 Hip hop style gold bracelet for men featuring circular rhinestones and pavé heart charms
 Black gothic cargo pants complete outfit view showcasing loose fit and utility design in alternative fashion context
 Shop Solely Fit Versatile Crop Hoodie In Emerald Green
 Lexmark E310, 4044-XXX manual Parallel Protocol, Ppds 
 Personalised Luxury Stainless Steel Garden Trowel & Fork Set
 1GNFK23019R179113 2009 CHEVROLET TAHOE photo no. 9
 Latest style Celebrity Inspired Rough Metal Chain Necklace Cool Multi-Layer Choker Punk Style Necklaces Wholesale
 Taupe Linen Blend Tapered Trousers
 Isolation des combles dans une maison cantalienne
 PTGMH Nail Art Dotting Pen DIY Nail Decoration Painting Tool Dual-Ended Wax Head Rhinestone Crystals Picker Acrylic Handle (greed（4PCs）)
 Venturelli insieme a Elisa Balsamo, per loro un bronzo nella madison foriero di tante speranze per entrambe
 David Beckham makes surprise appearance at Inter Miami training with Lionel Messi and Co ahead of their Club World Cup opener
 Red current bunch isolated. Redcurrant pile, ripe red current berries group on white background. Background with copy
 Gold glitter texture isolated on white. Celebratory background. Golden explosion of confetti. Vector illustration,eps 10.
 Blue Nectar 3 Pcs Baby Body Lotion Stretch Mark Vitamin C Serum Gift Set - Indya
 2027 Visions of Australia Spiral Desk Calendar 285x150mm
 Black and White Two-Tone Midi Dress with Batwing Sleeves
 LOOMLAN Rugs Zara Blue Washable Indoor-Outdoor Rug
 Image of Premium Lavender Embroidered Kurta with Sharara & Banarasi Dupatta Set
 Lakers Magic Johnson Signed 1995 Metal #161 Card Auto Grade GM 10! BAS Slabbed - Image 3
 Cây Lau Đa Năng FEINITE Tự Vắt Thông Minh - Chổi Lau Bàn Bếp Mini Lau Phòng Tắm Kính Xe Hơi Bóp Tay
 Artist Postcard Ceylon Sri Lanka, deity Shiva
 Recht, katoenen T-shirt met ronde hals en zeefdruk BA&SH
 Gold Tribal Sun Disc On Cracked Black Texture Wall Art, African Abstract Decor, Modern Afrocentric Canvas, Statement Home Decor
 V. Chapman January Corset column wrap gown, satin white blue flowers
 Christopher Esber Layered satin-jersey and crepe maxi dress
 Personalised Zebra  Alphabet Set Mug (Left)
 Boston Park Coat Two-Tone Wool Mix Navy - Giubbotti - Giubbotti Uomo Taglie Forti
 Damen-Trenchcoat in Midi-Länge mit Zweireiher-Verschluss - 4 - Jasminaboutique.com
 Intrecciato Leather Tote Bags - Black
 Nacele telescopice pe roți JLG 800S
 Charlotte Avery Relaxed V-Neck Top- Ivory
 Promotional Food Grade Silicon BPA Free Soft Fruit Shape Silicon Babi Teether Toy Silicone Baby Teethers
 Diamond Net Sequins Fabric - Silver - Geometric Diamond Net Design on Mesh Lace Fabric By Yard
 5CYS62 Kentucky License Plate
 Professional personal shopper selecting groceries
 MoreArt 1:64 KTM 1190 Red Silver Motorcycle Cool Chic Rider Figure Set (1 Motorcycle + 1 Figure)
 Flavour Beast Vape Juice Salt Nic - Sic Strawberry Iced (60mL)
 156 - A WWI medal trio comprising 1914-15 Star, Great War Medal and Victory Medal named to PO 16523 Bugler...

(Task directions):
From the listing above, copy all lines holding the word "background".

(Response box):
 Red current bunch isolated. Redcurrant pile, ripe red current berries group on white background. Background with copy
 Gold glitter texture isolated on white. Celebratory background. Golden explosion of confetti. Vector illustration,eps 10.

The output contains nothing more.